◆ **Task prompt**: Beginning with the line where "Little girl posing" appears, restate each line word for word until the data ends. Pictures do not go in.

Scraped caption text data
Segment Open

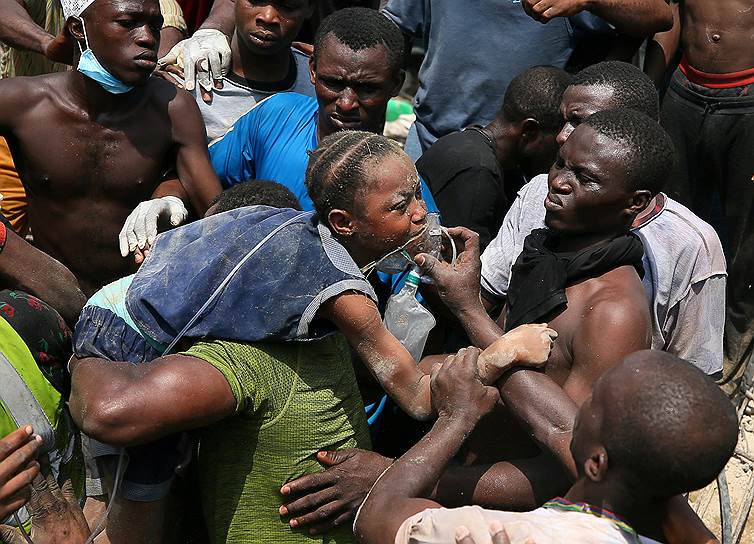 Лагос, Нигерия. Спасатели выносят ребенка из обвалившейся школы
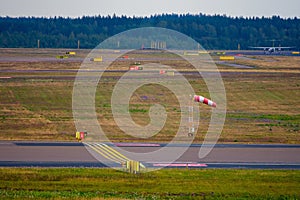 Towers and runways of the airport surrounded by trees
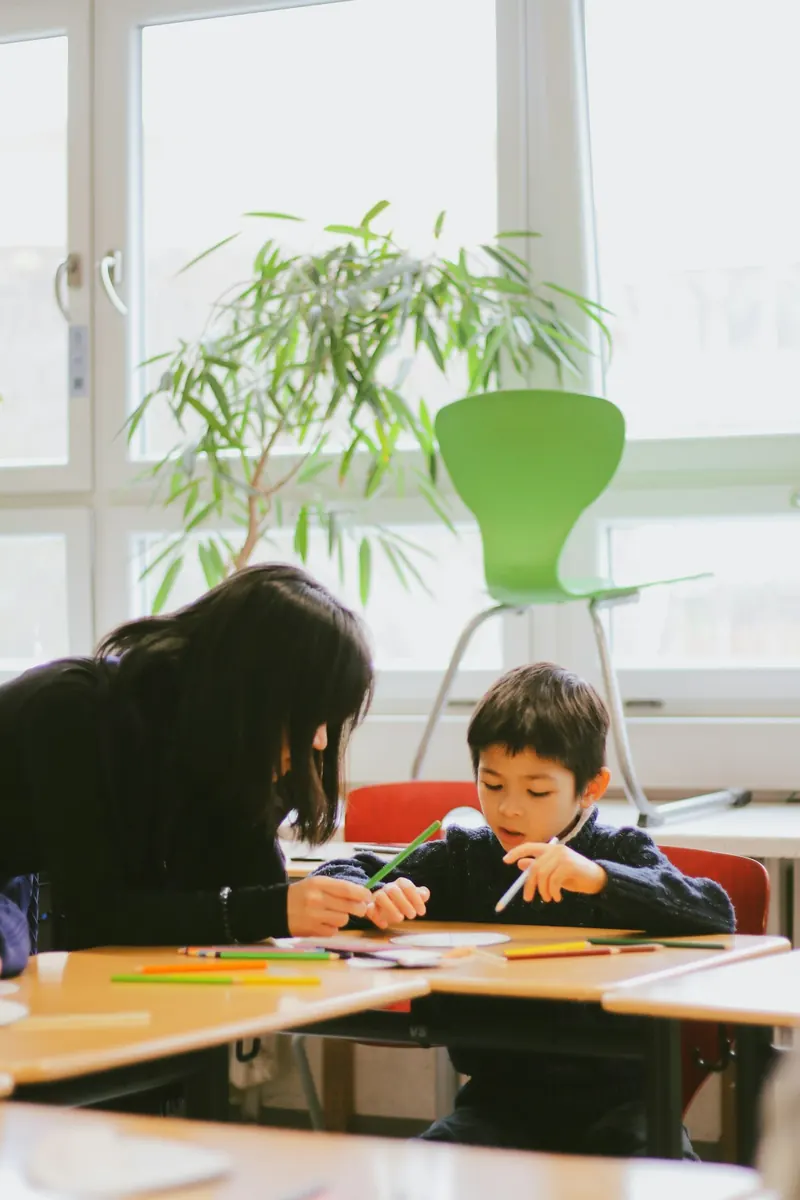 An adult and a young child drawing together at a table.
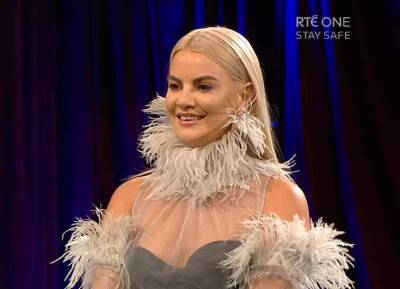 Lyra just wore the most fabulous feathered dress by Irish designer Helen Cody - evoke.ie - Ireland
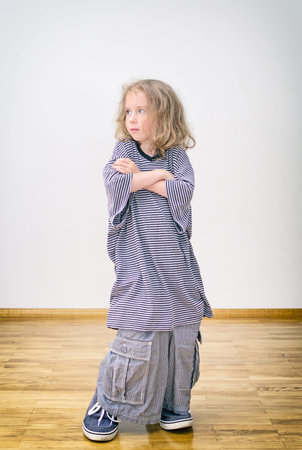 Little girl posing in oversized shorts and shirt.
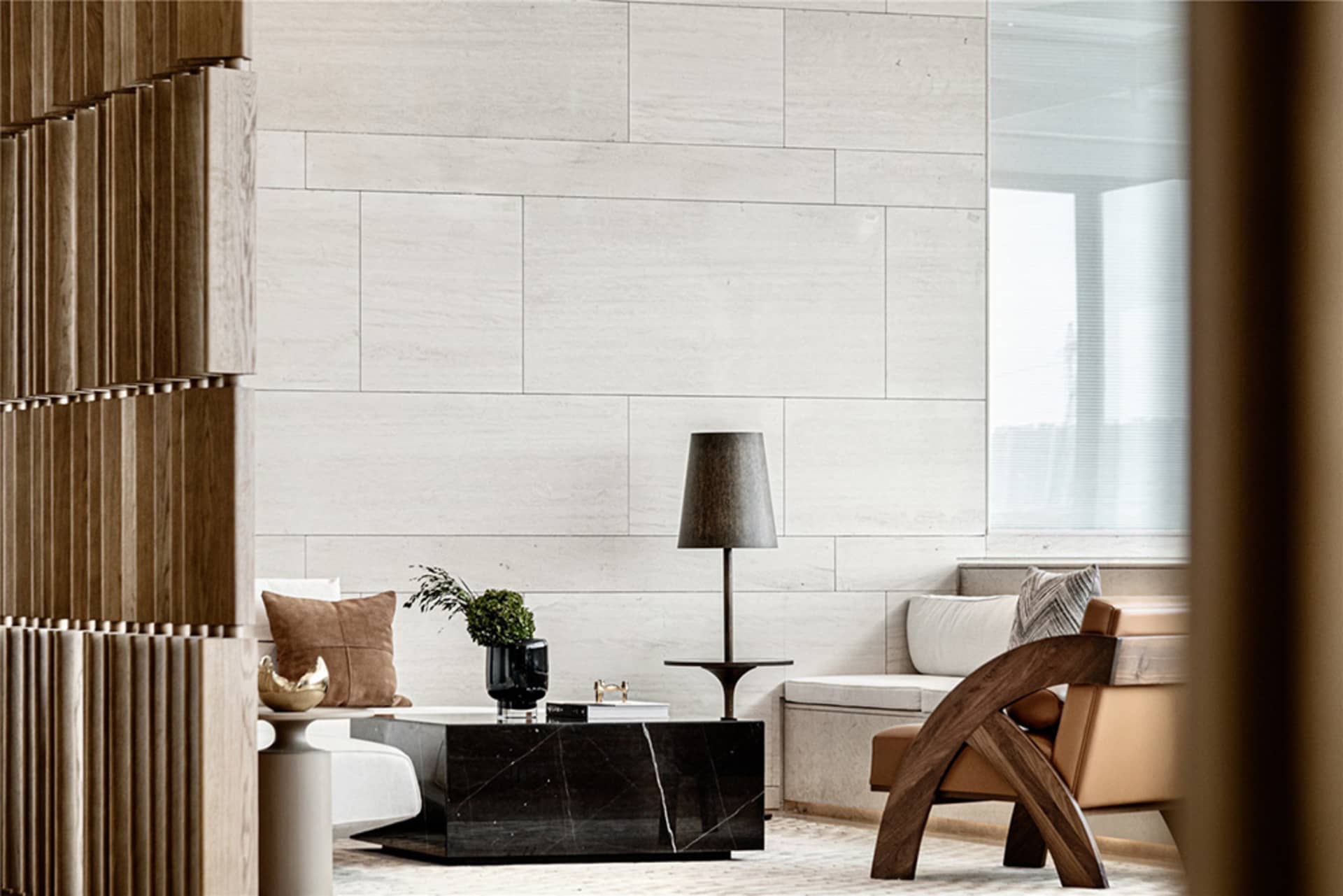 A modern living room with white concrete walls, a black marble coffee table, and a wooden armchair.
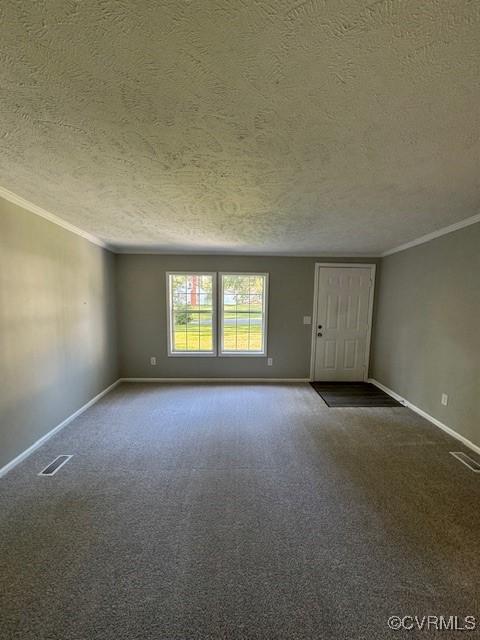 empty room with a textured ceiling and ornamental molding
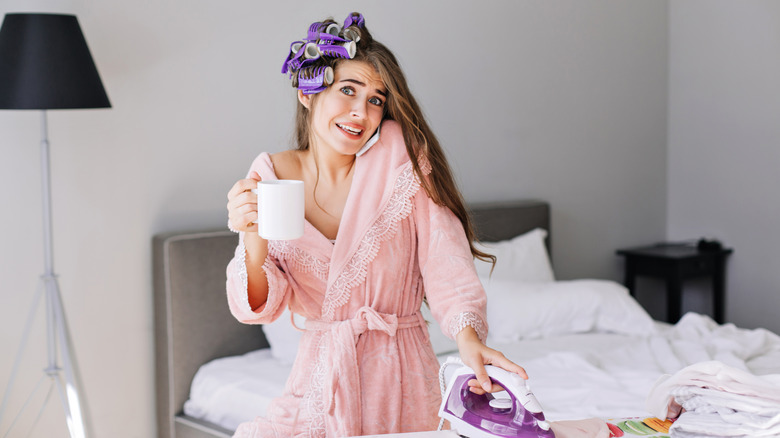 Woman with rollers in hair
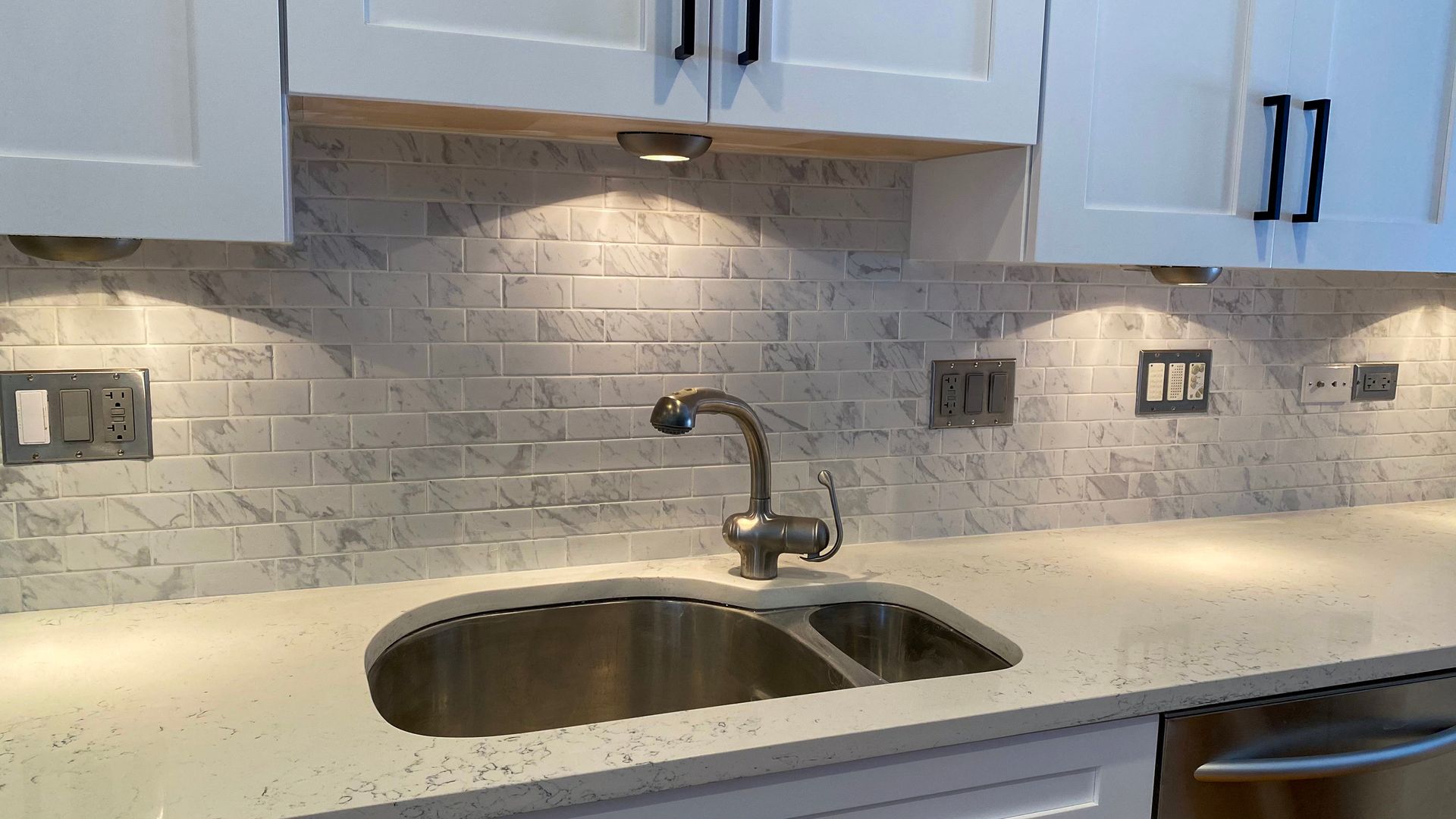 Modern kitchen countertop with stainless steel sink and white cabinets.
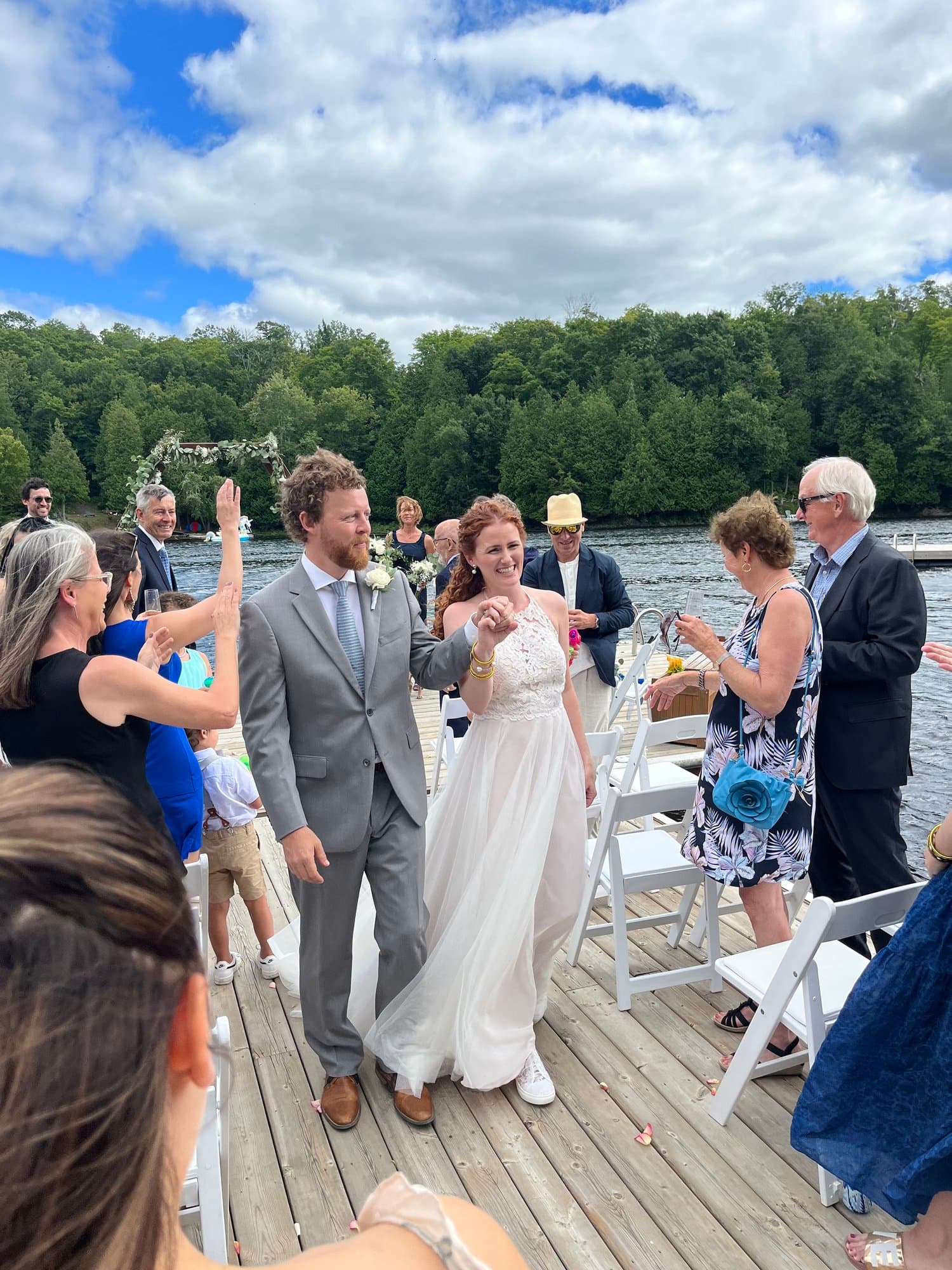 Newlyweds walking down the dock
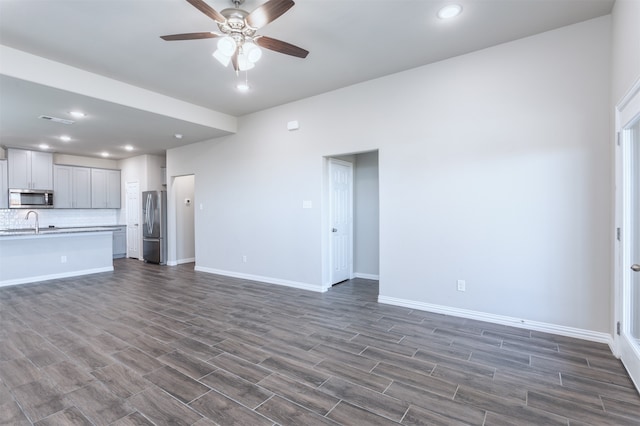 unfurnished living room with ceiling fan, sink, and dark wood-type flooring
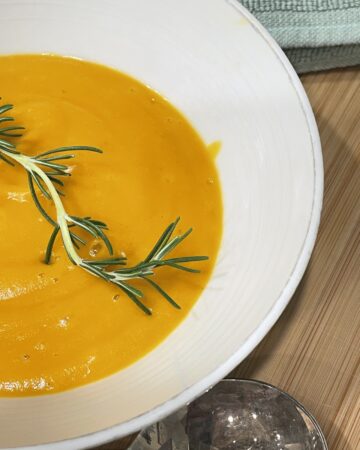 Rosemary infused carrot and potato soup served in bowl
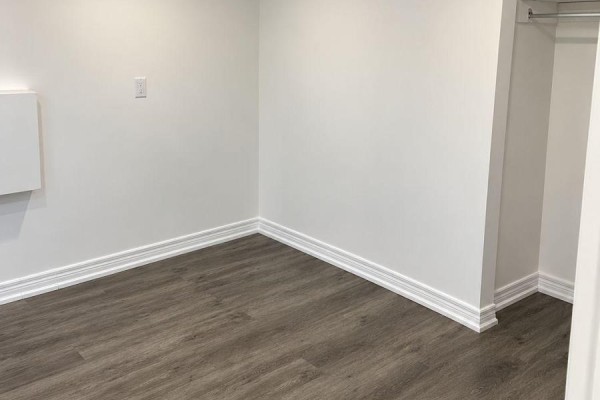 Corner of a room with white walls, white baseboards, grey wood-look flooring, and a closet. - Lower - 558 First Avenue, Welland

Segment Closed

◆ **Finished task**:
 Little girl posing in oversized shorts and shirt.
 A modern living room with white concrete walls, a black marble coffee table, and a wooden armchair.
 empty room with a textured ceiling and ornamental molding
 Woman with rollers in hair
 Modern kitchen countertop with stainless steel sink and white cabinets.
 Newlyweds walking down the dock
 unfurnished living room with ceiling fan, sink, and dark wood-type flooring
 Rosemary infused carrot and potato soup served in bowl
 Corner of a room with white walls, white baseboards, grey wood-look flooring, and a closet. - Lower - 558 First Avenue, Welland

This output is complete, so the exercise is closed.